Output exactly the line containing "Catchment Overlaps" and each line after it through the last line of the records, and nothing else.

★ ★ ★ ★ ★

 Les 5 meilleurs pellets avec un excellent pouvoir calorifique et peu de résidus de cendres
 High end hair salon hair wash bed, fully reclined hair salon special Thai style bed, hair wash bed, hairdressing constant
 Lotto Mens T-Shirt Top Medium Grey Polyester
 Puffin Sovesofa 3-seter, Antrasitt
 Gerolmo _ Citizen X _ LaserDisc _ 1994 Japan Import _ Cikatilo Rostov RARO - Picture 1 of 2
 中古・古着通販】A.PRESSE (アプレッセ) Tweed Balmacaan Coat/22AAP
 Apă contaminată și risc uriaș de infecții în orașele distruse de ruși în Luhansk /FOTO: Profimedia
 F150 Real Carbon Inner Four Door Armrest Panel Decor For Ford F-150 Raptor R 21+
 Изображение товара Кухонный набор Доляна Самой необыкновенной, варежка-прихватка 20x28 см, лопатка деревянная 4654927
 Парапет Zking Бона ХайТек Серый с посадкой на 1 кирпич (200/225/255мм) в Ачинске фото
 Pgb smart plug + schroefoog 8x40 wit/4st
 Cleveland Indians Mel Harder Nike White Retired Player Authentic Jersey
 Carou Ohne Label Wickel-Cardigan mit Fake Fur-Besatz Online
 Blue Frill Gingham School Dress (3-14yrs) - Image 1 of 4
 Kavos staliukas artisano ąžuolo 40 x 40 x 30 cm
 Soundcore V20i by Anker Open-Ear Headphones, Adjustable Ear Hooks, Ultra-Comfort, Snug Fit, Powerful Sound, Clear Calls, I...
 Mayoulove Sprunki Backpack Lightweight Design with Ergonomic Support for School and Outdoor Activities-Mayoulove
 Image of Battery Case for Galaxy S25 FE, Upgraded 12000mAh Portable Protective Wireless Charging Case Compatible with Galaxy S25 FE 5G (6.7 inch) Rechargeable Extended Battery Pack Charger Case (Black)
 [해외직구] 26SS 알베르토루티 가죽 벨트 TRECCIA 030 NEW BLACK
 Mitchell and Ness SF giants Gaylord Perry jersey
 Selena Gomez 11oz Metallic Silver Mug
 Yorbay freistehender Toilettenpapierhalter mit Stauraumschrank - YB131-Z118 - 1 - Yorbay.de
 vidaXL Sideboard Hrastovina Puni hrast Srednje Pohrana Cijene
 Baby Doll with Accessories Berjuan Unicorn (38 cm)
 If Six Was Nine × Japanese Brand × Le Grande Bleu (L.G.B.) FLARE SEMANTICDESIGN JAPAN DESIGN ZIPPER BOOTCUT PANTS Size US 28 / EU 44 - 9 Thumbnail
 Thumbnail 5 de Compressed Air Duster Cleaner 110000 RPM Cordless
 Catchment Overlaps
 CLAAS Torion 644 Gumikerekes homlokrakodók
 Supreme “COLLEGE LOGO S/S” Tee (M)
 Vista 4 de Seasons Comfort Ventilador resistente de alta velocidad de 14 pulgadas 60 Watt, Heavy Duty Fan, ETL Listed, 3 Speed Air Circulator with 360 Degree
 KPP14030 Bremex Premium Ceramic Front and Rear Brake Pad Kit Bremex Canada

★ ★ ★ ★ ★

• [RESULT FOR THIS EXERCISE]
 Catchment Overlaps
 CLAAS Torion 644 Gumikerekes homlokrakodók
 Supreme “COLLEGE LOGO S/S” Tee (M)
 Vista 4 de Seasons Comfort Ventilador resistente de alta velocidad de 14 pulgadas 60 Watt, Heavy Duty Fan, ETL Listed, 3 Speed Air Circulator with 360 Degree
 KPP14030 Bremex Premium Ceramic Front and Rear Brake Pad Kit Bremex Canada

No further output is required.